In the ever-evolving landscape of precision agriculture, a groundbreaking study led by Sara Tokhi Arab from the Research Center for Agricultural Robotics at the National Agriculture and Food Research Organization (NARO) in Japan is set to revolutionize cabbage farming. The research, published in the journal ‘Sensors’ (translated from the original title ‘传感器’), introduces an innovative approach to non-destructive yield estimation using Unmanned Aerial Vehicles (UAVs) and machine learning, promising significant commercial impacts for the agricultural sector.
Traditional methods of yield estimation are labor-intensive and time-consuming, often involving manual measurements and destructive sampling. However, the integration of UAV-derived diameter estimations and machine learning models offers a more efficient and accurate alternative. “This approach not only assesses spatial variability across the field but also supports effective resource allocation and variable application rates of fertilizer, ultimately enhancing supply chain management,” explains Tokhi Arab.
The study employed high spatial resolution RGB images acquired from UAVs during the cabbage-growing season in 2024. Individual cabbage head diameters were estimated using deep learning-based pose estimation models, YOLOv8s-pose and YOLOv11s-pose. Among these, YOLOv11s-pose emerged as the best-performing model with a mean relative error (MRE) of 4.6% and a high mean average precision (mAP) of 98.5% at 0.5, verifying its accuracy for pragmatic agricultural use.
The approximated diameter was then combined with climatic variables such as temperature and rainfall, along with canopy reflectance indices extracted from multispectral images.
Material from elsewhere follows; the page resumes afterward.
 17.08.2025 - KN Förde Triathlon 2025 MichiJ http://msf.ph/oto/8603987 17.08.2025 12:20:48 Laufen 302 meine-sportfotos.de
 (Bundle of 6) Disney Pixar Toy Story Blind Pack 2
These indices included the normalized difference vegetation index (NDVI), normalized difference red edge index (NDRE), and green chlorophyll index (CIg). The data were fed into various machine learning models to develop individual cabbage head fresh weight predictions.
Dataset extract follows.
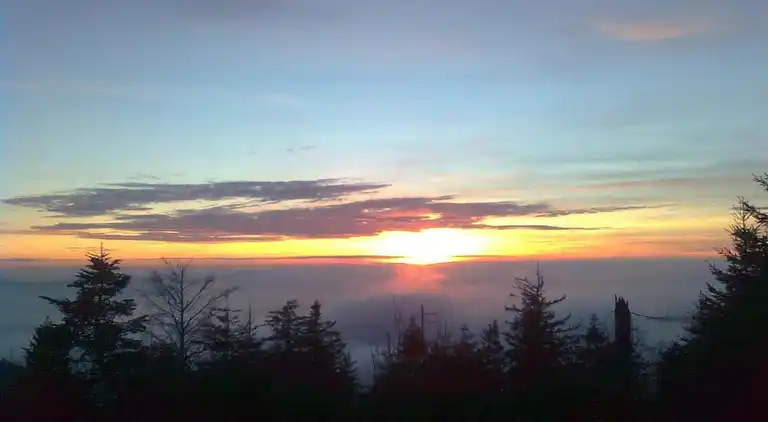 Ferielejlighed i Kniebis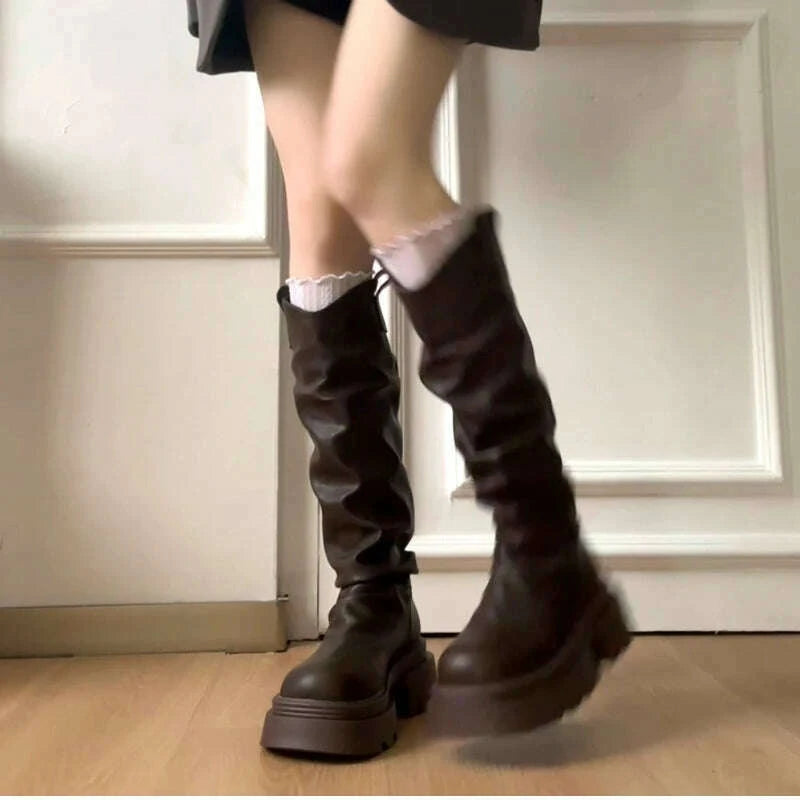 autumn-winter-platform-thick-bottom-women-long-boots-fashion-slip-on-shoes-vintage-ladies-knight-botaskimlud-womens-fashion-34623040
Among the models tested, CatBoost achieved the lowest Mean Squared Error (MSE = 0.025 kg/cabbage) and the highest R² (0.89), outperforming other models based on the Diebold–Mariano statistical test (p < 0.05). This finding suggests that an integrated AI-powered framework enhances non-invasive and precise yield estimation in cabbage farming. The implications of this research are far-reaching. By providing farmers with accurate and timely yield predictions, this technology can optimize resource allocation, reduce labor costs, and improve overall farm management. "This integrated approach not only benefits individual farmers but also has the potential to transform the agricultural industry as a whole," says Tokhi Arab. As the agricultural sector continues to embrace technological advancements, the integration of UAVs and machine learning models is poised to play a pivotal role in shaping the future of farming. This research, published in 'Sensors', sets a new standard for precision agriculture, offering a glimpse into the potential of AI-powered solutions in enhancing agricultural productivity and sustainability. The study's findings are a testament to the power of innovation in agriculture. By leveraging cutting-edge technology, farmers can achieve greater efficiency, accuracy, and profitability, ultimately contributing to a more sustainable and resilient food system. As the agricultural industry continues to evolve, the integration of UAVs and machine learning models will undoubtedly play a crucial role in driving progress and innovation.